4. La vie publique de Jésus réserve également des épreuves pour la foi de Marie. D'une part, elle éprouve de la joie en voyant que la prédication et les miracles de Jésus suscitent l'admiration et l'approbation de nombreuses personnes; d'autre part, Elle voit avec amertume l'opposition toujours plus dure de la part des Pharisiens, des docteurs de la Loi, de la hiérarchie sacerdotale.

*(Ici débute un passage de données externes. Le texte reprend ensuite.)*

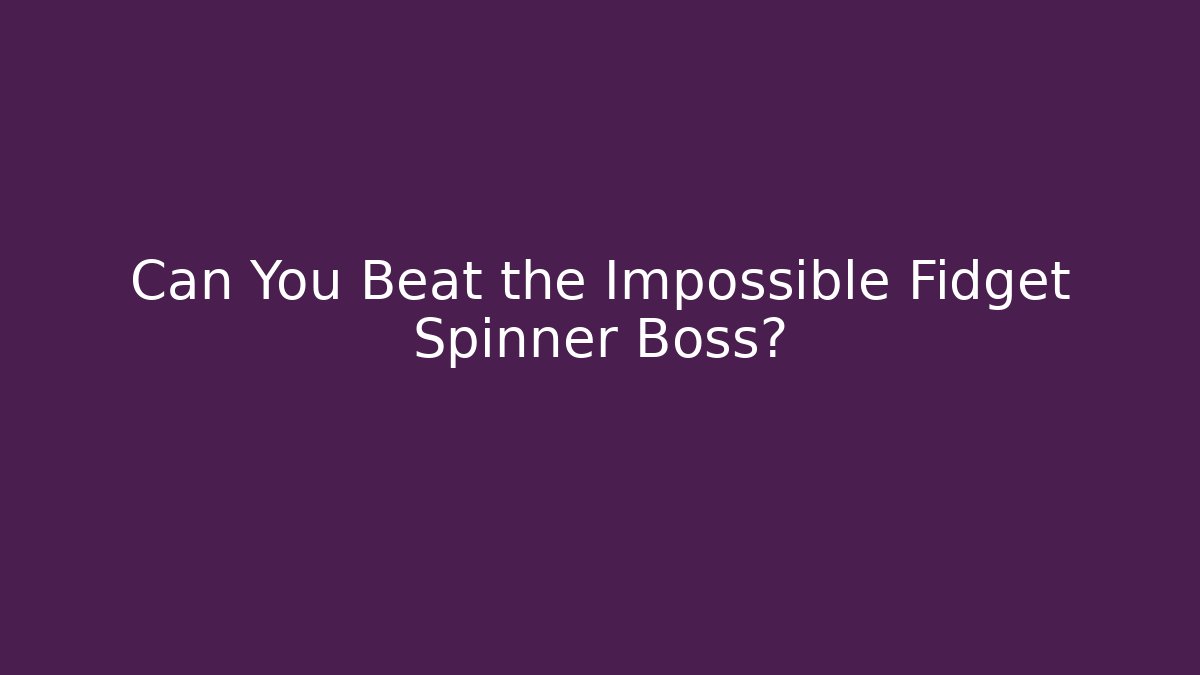 Can You Beat the Impossible Fidget Spinner Boss?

On peut imaginer la souffrance de Marie face à cette incrédulité, qu'Elle constatait même au sein de sa famille: ceux qui sont appelés «les frères de Jésus», c'est-à-dire les membres de sa famille, ne croyaient pas en lui et interprétaient son comportement comme étant inspiré par une volonté ambitieuse (cf. Jn 7, 2-5).
Marie, bien qu'elle ressente douloureusement le désaccord familial, ne rompt pas les liens avec ces parents, que nous retrouvons avec Elle dans la première communauté en attente de la Pentecôte (cf. Ac 1, 14). Grâce à sa bienveillance et à sa charité, Marie aide les autres à partager sa foi.
5. Lors du drame du Calvaire, la foi de Marie demeure intacte. Ce drame a été bouleversant pour la foi des disciples. Ce n'est que grâce à l'efficacité de la prière du Christ qu'il a été possible à Pierre et aux autres, bien qu'ils fussent éprouvés, de reprendre le chemin de la foi, pour devenir les témoins de la résurrection.
En rapportant que Marie se tenait debout au pied de la Croix, l'évangéliste Jean (cf. 19, 25) nous fait comprendre que Marie est restée pleine de courage en cet instant dramatique. Cela a certainement été la phase la plus difficile de sa «pérégrination de foi» (cf. Lumen gentium, n. 58). Mais Elle a pu rester debout, car sa foi est restée solide. Dans l'épreuve, Marie a continué à croire que Jésus était le Fils de Dieu et que, grâce à son sacrifice, il aurait transformé le destin de l'humanité.
La résurrection a été la confirmation définitive de la foi de Marie. Plus qu'en tout autre personne, la foi dans le Christ ressuscité a assumé dans son cœur le visage le plus authentique et le plus complet de la foi, qui est le visage de la joie.